▶ _WORK REQUEST_
Begin at the line containing "Valentinian Christianity: Texts" and copy each line exactly through the end of the records, leaving out what comes before.

(Beginning of INPUT DATA)

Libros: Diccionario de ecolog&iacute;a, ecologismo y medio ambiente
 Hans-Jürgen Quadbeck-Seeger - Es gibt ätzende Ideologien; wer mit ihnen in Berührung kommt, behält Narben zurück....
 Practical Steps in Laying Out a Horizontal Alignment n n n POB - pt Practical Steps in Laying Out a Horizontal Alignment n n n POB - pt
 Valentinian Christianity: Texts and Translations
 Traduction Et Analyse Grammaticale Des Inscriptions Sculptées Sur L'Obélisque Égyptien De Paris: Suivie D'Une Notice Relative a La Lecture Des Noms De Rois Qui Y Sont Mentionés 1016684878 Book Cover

(End of INPUT DATA)

▶ _COMPLETED TASK_
 Valentinian Christianity: Texts and Translations
 Traduction Et Analyse Grammaticale Des Inscriptions Sculptées Sur L'Obélisque Égyptien De Paris: Suivie D'Une Notice Relative a La Lecture Des Noms De Rois Qui Y Sont Mentionés 1016684878 Book Cover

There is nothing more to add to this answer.